Aprendi com Vo Encarnadinha que sexta-feira é o dia da alegria, mas se ela ainda vivesse concordaria comigo que a segunda-feira é também dia melhor: dia de ler a cronica do domingo :)
Como sempre muito linda! Fiquei com saudades do biscoito de maizena e feliz de lembrar que temos hoje o Luis, muito fofo, para comemorarmos o dia 16 de março.
Bj,
Tia Monca
Inezinha, "o seu olhar melhora o meu". :)
Dilma, como você é escritora, deve ter se sentido mais atraida pelo primeiro trecho, que era mais especificamente literário. Eu, de minha parte, gosto muito de preto-e-branco. :)
Tia, a alegria está tomando conta da semana: sexta para a Vó Encarnadinha, segunda para você e domingo para mim, que escrevo. :) Vamos deixar a alegria dominar.
Que poesia solta nessa prosa!
E parecia música, antes mesmo de eu apertar o play. E para mim ela tinha um ritmo bom; tinha até melodia, antes do play. E no fundo branco da homepage eu alcancei um quê de paraíso. Casei-me com o entendimento lá, obviamente, com o consentimento do imaginário.

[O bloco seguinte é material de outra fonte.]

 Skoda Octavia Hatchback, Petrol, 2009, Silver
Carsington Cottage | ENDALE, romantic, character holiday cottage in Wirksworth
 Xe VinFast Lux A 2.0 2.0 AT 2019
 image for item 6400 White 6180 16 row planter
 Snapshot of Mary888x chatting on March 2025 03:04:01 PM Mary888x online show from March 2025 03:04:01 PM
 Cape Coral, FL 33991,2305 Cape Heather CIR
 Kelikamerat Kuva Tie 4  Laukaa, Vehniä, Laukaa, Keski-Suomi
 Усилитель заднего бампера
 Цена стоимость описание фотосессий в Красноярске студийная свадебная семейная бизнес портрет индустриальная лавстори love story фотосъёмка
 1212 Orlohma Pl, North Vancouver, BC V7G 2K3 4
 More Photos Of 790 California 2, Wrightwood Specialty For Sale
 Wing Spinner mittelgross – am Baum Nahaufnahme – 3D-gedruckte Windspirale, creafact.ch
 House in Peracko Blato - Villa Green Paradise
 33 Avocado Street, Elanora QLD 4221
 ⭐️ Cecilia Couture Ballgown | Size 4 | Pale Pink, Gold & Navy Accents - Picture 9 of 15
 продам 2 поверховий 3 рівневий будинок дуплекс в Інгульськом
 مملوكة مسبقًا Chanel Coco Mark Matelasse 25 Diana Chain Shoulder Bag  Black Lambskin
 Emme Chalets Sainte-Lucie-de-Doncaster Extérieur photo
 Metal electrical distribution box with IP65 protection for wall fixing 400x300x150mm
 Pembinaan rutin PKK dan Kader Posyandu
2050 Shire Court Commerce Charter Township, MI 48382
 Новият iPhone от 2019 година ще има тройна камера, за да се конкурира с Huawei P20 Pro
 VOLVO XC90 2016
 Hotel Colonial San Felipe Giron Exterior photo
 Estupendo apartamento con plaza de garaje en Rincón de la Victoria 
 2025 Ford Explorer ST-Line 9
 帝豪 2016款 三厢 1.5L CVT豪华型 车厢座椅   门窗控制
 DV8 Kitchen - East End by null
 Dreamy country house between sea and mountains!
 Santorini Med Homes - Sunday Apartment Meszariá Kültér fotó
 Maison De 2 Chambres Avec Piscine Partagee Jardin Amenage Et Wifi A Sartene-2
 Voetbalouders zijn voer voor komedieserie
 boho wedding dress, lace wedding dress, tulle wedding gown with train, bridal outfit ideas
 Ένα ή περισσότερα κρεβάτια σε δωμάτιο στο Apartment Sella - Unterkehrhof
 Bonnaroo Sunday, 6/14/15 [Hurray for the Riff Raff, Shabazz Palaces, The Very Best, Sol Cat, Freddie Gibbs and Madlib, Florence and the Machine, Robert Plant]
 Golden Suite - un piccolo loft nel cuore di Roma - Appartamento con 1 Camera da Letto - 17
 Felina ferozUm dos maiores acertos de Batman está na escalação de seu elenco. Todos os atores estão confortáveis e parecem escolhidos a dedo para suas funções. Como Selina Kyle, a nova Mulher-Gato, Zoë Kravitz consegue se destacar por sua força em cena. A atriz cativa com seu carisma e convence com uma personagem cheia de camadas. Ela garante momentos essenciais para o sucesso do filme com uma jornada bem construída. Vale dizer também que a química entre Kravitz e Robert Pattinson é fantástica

E certamente minha compreensão da crônica seja cronicamente diferente da sua, mas quer saber? Não parei por um segundo... Descarrilei meus pensamentos e li mais um belo texto de sua autoria.
Play. Stop. Bye.
love
A segunda dos 03 do 16 sugiro, mais uma vez, que você transforme em um belo livro pra eu presentear e ler pros meus e pra outros. O amor e a inspiração da terceira dos 03 do 16 já vi e ouvi transformada em pessoa e em canção encantadores.